Seven new aminosterols related to squalamine (8) were isolated from the liver of the dogfish shark Squalus acanthias. Their structures (1-7) were determined using spectroscopic methods, including 2D NMR and HRFABMS. These aminosterols possess a relatively invariant cholestane skeleton with a trans AB ring junction, a spermidine or spermine attached equatorially at C3, and a steroidal side-chain that may be sulfated. The structure of the lone spermine conjugate, 7 (MSI-1436), was confirmed by its synthesis from (5alpha,7alpha, 24R)-7-hydroxy-3-ketocholestan-24-yl sulfate. Some members of this family of aminosterols exhibit a broad spectrum of antimicrobial activity comparable to squalamine.

---

Squalamine: a polyvalent drug of the future?

Brunel JM, Salmi C, Loncle C, Vidal N, Letourneux Y.
Laboratoire SESNAB Faculté de St Jérôme, Université Paul Cézanne, Av. Escadrille Normandie Niemen, 13397 Marseille, Cedex 20, France. bruneljm@yahoo.fr

The purpose of this mini-review is to summarize and highlight the different advances in our understanding of the antimicrobial and antiangiogenic activity of squalamine, a cationic steroid isolated in 1993 from the dogfish shark Squalus Acanthias. Indeed, squalamine has shown to be useful for the treatment of important diseases such as cancers (lung, ovarian, brain and others), age-related macular degeneration (AMD) and the control of body weight in man. All these results led to a question: could we consider squalamine as a polyvalent drug of the future?

 

---

Antiangiogenic Steroids in Human Cancer Therapy.

Pietras RJ, Weinberg OK.

Despite advances in the early detection of tumors and in the use of chemotherapy, radiotherapy and surgery for disease management, the worldwide mortality from human cancer remains unacceptably high. The treatment of cancer may benefit from the introduction of novel therapies derived from natural products. Natural products have served to provide a basis for many of the pharmaceutical agents in current use in cancer therapy. Emerging research indicates that progressive growth and spread of many solid tumors depends, in part, on the formation of an adequate blood supply, and this process of tumor-associated angiogenesis is reported to have prognostic significance in several human cancers.

This review focuses on the potential application in antitumor therapy of naturally-occurring steroids that target tumor-associated angiogenesis. Squalamine, a 7,24 dihydroxylated 24-sulfated cholestane steroid conjugated to a spermidine at position C-3, is known to have strong antiangiogenic activity in vitro, and it significantly disrupts tumor proliferation and progression in laboratory studies. Work on the interactions of squalamine with vascular endothelial cells indicate that it binds with cell membranes, inhibits the membrane Na(+)/H(+) exchanger and may further function as a calmodulin chaperone. These primary actions appear to promote inhibition of several vital steps in angiogenesis, such as blockade of mitogen-induced actin polymerization, cell-cell adhesion and cell migration, leading to suppression of endothelial cell proliferation.
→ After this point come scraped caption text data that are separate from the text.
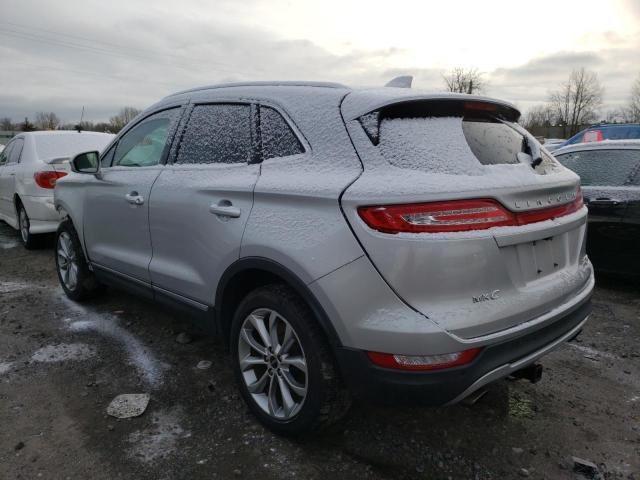 Photo 2 VIN: 5LMCJ2D98HUL24387 - LINCOLN MKC SELECT 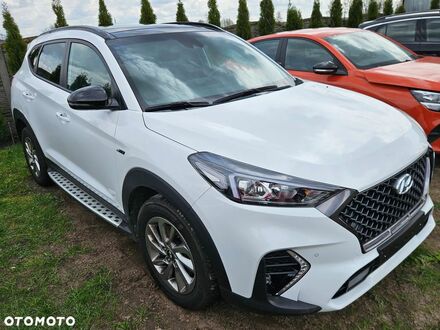 Хендай Туксон, об'ємом двигуна 1.6 л та пробігом 61 тис. км за 13175 $, фото 1 на Automoto.ua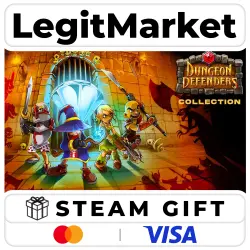 Dungeon Defenders Ultimate Collection / Steam AUTO / RU + WORLD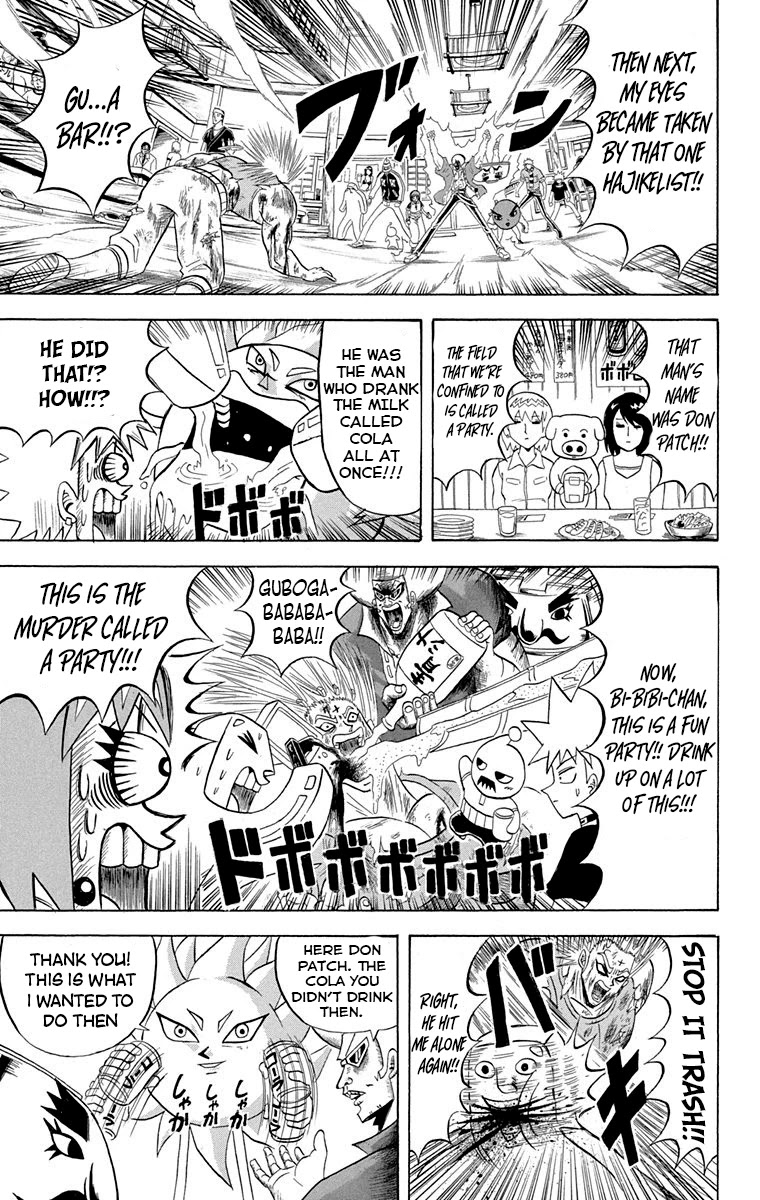 Bobobo-bo Bo-bobo Chapter 228 page 8 - Chapter 228: Ougi 228: Its Because Everyone’s Here…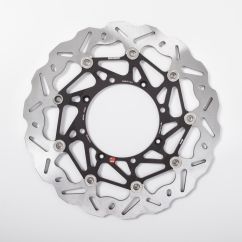 Disque de frein BRAKING SK2 pétale flottant Disque de frein BRAKING SK2 pétale flottant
Preclinical studies with squalamine have shown additive benefits in tumor growth delay when squalamine is combined with cisplatin, paclitaxel, cyclophosphamide, genistein or radiation therapy. This compound has also been assessed in early phase clinical trials in cancer; squalamine was found to exhibit little systemic toxicity and was generally well tolerated by treated patients with various solid tumor malignancies, including ovarian, non-small cell lung and breast cancers.

Clinical trials with squalamine alone or combined with standard chemotherapies or other biologic therapies, including antiangiogenic agents, should be considered for selected cancer patients, and further study of the mechanism of action and bioactivity of squalamine is warranted.